COSA MI E' PIACIUTO:
fra i diversi livelli di lettura a cui si presta il film, il più considerevole
è la sua forma di parabola del colonialismo, che mantiene una cristallina
limpidezza anche qualora lo si riconsideri oggi. Aguirre e il prete
dicono: "(dalla conquista dell'Eldorado) tutti noi ricaveremo grandi
benefici e grandi ricchezze, ma non dimentichiamo mai che la cosa
più importante è che siamo qui per portare la parola di Dio". E più
tardi, Aguirre: "Io sono il furore di Dio, chi mi seguirà otterrà
incalcolabili ricchezze, chi diserterà sarà fatto a pezzi". Una filosofia
molto in voga in ogni epoca dell'umanità, anche nella nostra. L'uomo
che violenta la natura ne soccombe, risultandone una parte infinitesimale
e insignificante se rifiuta di integrarvisi. Aguirre e i suoi seguaci
percorrono il fiume annettendosi mentalmente tutti i territori lambiti,
ma senza mai impadronirsi realmente di nulla. La macchina da presa
è spesso a ridosso dei protagonisti, come per rimarcare l'impenetrabilità
dei territori. Klaus Kinski è magnificamente inquietante. Belle le
musiche (di Popol Vuh), anche se, come ho detto nelle note tecniche,
sono talora mal miscelate con le altre tracce.

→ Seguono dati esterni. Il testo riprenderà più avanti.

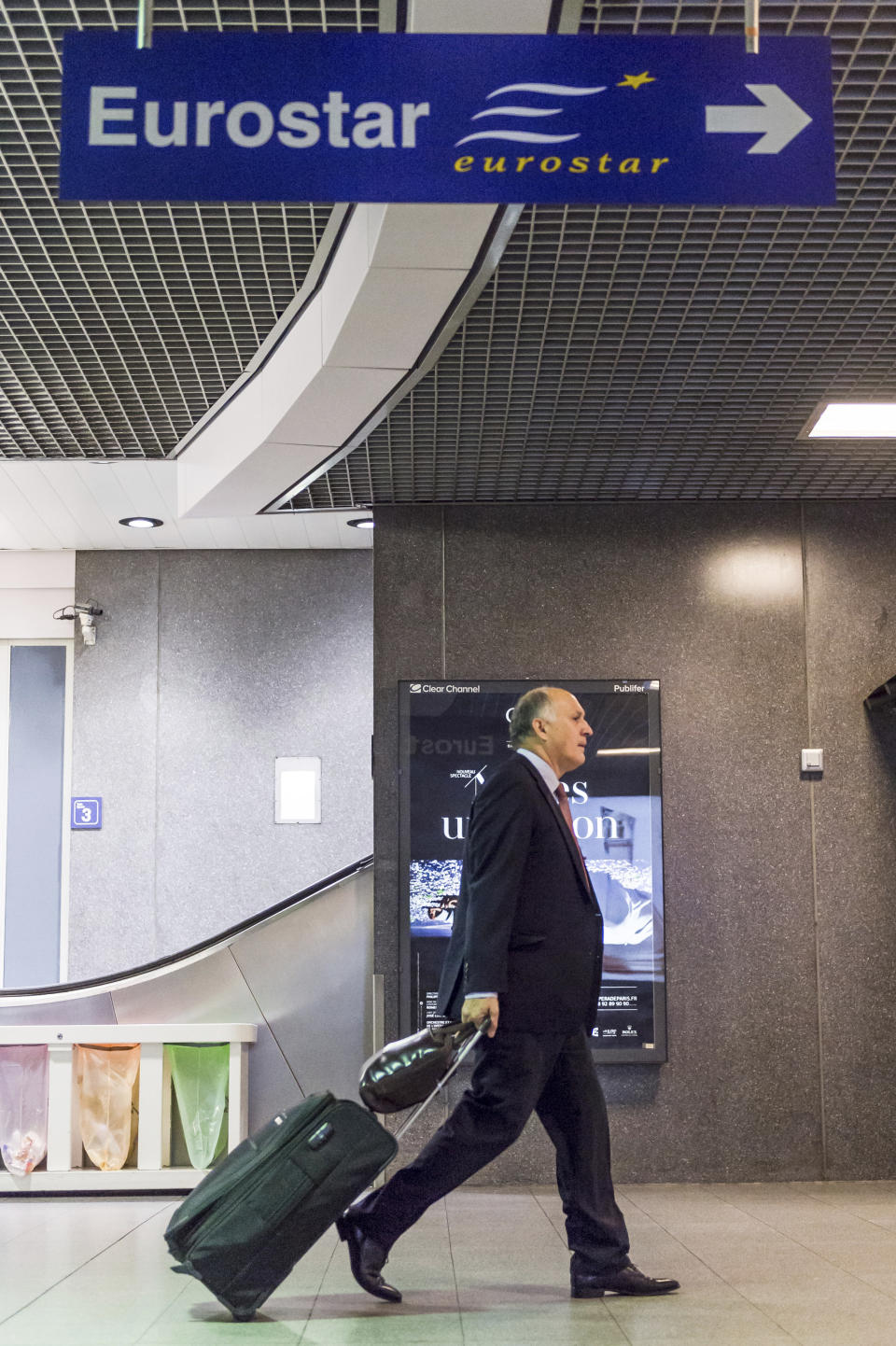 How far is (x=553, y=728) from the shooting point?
13.9 ft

COSA NON MI HA CONVINTO: fa una strana impressione sentire degli spagnoli
che parlano in tedesco, ma ciò in fondo può aiutare a mettere in
evidenza l'universalità del racconto, quantunque ispirato a un
autentico episodio storico.
Ho visto Aguirre, furore di Dio in
tedesco con i sottotitoli in italiano.